# Buying Clothes in Mexico



## myhat

Where do you get your clothes when you are in Mexico? Are there any national store chains that are common?


----------



## miendo

That's one thing I really miss in the US now. It used to be that when we travelled to different states and went the the area malls, that the stores would be different from the ones in our town. Now they are all the same. and it's a shame. I hope that Mexico keeps its individuality for a long time and doesn't get homogenized like the states. It makes for interesting travel, even it just a couple of hundred miles.


----------



## Intercasa

In the higher end malls you'll have stores like Diesel as well as some other chain botique stores that sell fashionable clothes for the younger crowd. I buy most of my clothes in the US but Plaza Galerias in Guad has some nice stores so at times I go there.


----------



## brown241

Intercasa said:


> In the higher end malls you'll have stores like Diesel as well as some other chain botique stores that sell fashionable clothes for the younger crowd. I buy most of my clothes in the US but Plaza Galerias in Guad has some nice stores so at times I go there.


Liverpool Mall in Puerto Vallarta has the high end cloth lines.


----------



## Rodrigo84

That stuff is way too expensive in the malls, including Liverpool. My cousin used to take us over to the Sante Fe mall we have here and actually show us just how ridiculous the prices were compared to the U.S. Baby clothes/shoes are extraordinarily expensive compared to the U.S. and he'd often bring some back he'd gotten in the U.S. I often go to markets downtown. Walmart is probably the cheapest of the chains on clothes though some Mexicans chains do a decent job but a lot of the stuff falls apart.


----------



## Lauren5020

myhat said:


> Where do you get your clothes when you are in Mexico? Are there any national store chains that are common?


How far are you from the border?! I am in Monterrey (3 hours from Texas) and usually wait for a trip to McAllen or Laredo, Texas to buy clothes.

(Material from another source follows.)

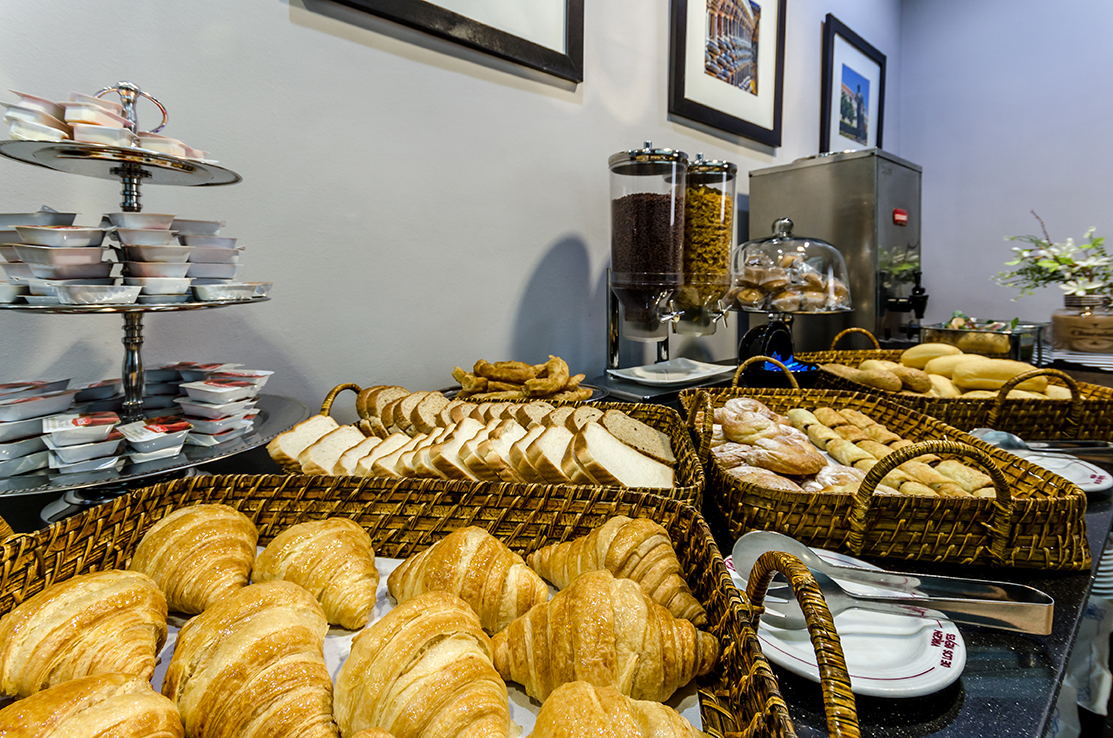 005_alta_virgendelosreyes Buffet.jpg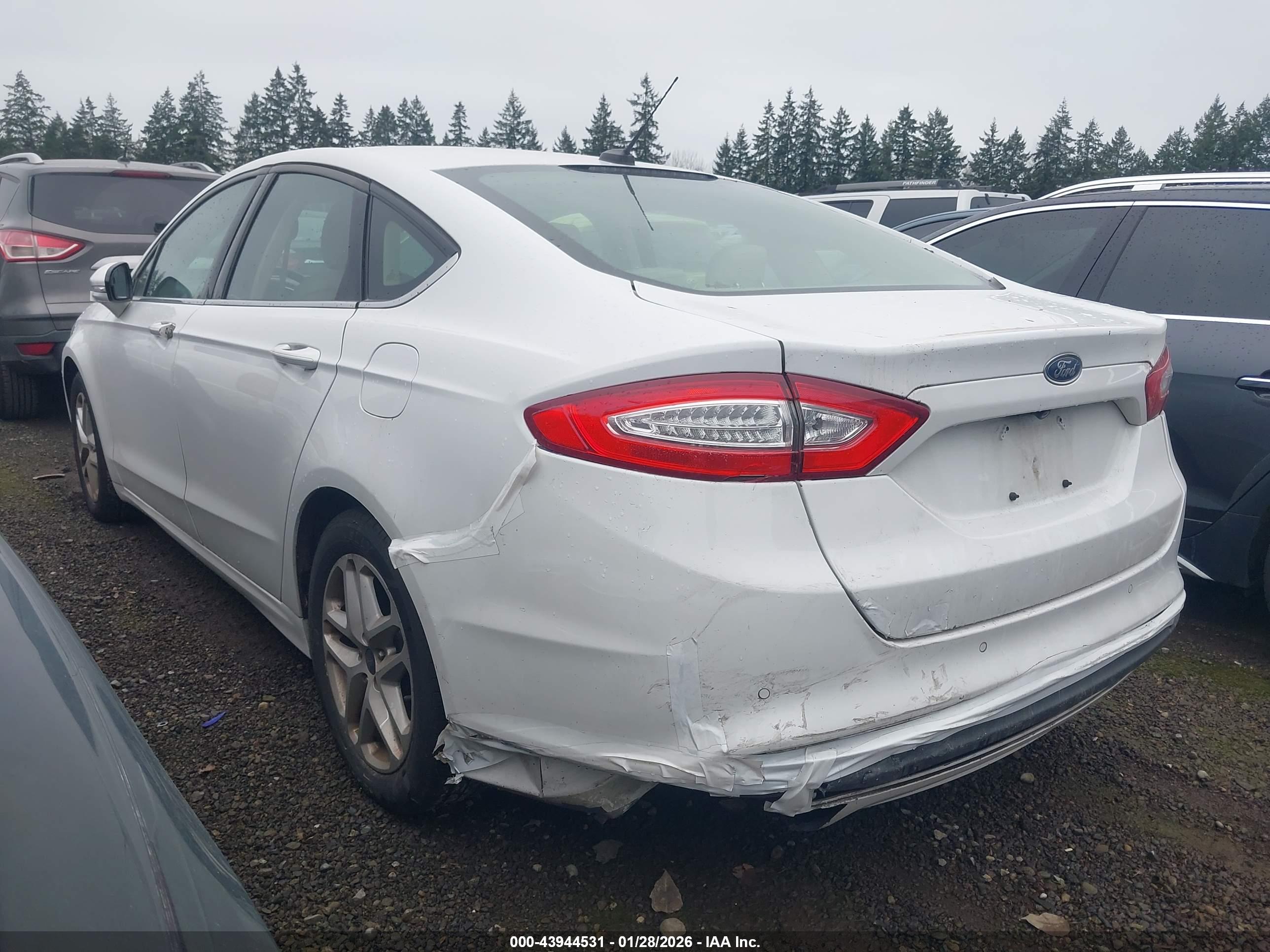 FORD FUSION image 3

Liverpool or Palacio de Hierro will sell high end brands at high prices! 
I just can't seem to find quality clothing for cheap prices, like in the States or Canada. Have you found Zara, pull and bear or Suburbia? Walmart is always an option.


----------



## Rodrigo84

There's not really a true bargain basement store. Even Suburbia has to have big sales, because they keep high prices.


----------



## joco69

Since I like casual cloth I have no problem finding it in Mexico at prices comparable to the States or Canada.
Highfashion cloth is available in similar stores like across the border but more expensive since imports are taxed higher here.
Wal-Mart has the George line like everywhere else, other chains have similar cloth, so do the local markets.
After 12 years in Mexico, I really do find everything that I am used to from cloth to food etc., one just has to get familiar with its environnement.


----------



## DUTCH

*Special Sizes*



myhat said:


> Where do you get your clothes when you are in Mexico? Are there any national store chains that are common?

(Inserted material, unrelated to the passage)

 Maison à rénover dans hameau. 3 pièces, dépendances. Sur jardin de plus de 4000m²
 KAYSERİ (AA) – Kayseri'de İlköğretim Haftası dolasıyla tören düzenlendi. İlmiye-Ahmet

Hi We live in Merida, and here you find everything, there are planty of litle factories that offer special sizes, and they can even taylor made what you like. Greetings


----------



## jlms

Chedrahui sells cheap clothes, some of them of reasonable quality.

Another old favourite is Suburbia.

In most towns in Mexico you just go downtown (centro) and you will find plenty of shops there, but now you also find lots in malls or even outlets.


----------



## RVGRINGO

There is an outlet mall on the highway extension of Lopes Mateos Sur, south of Guadalajara, and it is mostly clothing outlets; all the familiar brands. There is a food court and a multiplex cine, etc.


----------